In duplicating the lines below, keep every word unchanged and drop the pictures.

_Provided material:_
□ □ □ □ □ □ □

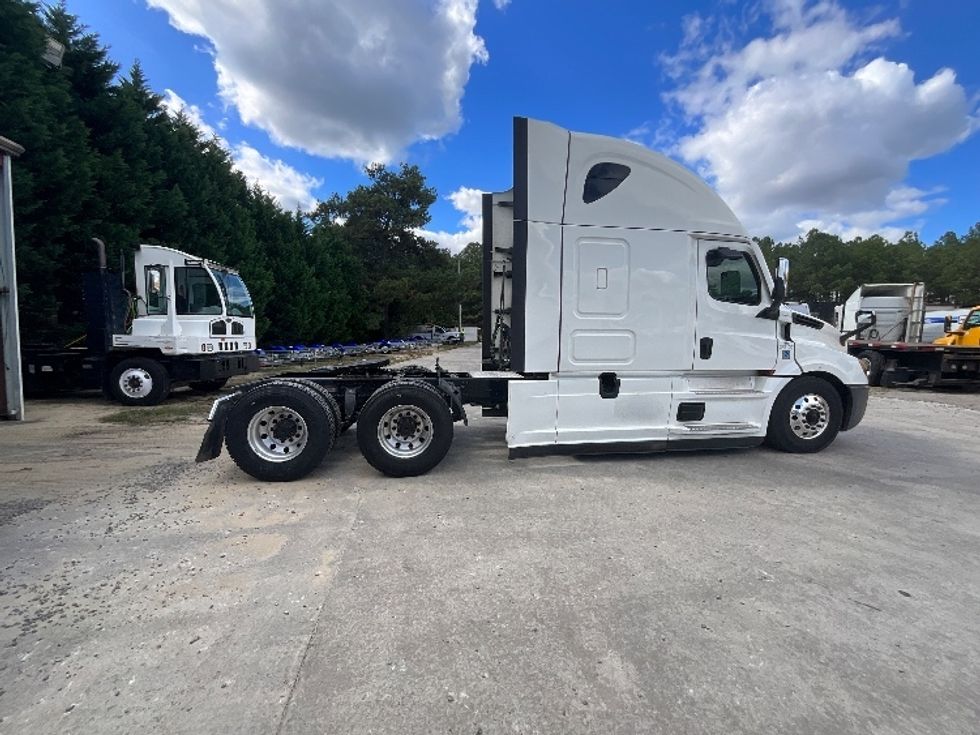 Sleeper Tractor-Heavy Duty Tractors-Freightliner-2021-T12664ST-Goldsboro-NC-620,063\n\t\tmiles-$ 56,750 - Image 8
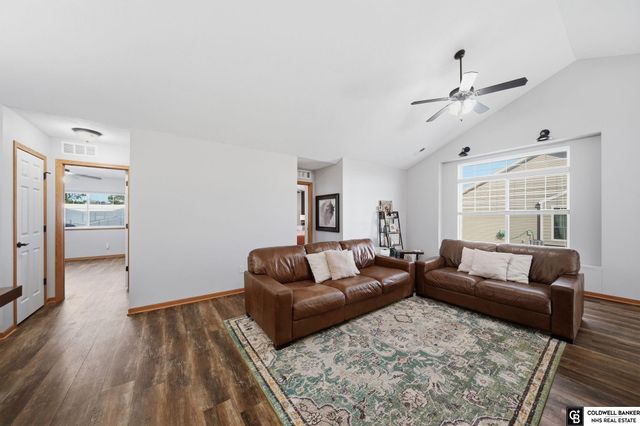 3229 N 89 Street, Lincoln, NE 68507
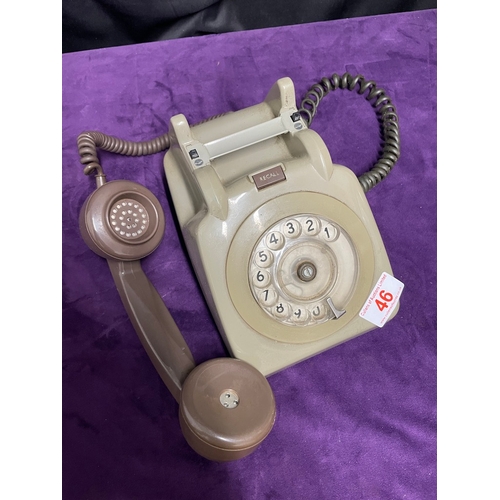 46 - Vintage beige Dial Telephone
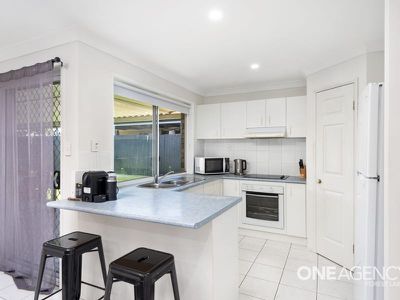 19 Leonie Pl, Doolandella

□ □ □ □ □ □ □

_Result of this task:_
 Sleeper Tractor-Heavy Duty Tractors-Freightliner-2021-T12664ST-Goldsboro-NC-620,063\n\t\tmiles-$ 56,750 - Image 8
 3229 N 89 Street, Lincoln, NE 68507
 46 - Vintage beige Dial Telephone
 19 Leonie Pl, Doolandella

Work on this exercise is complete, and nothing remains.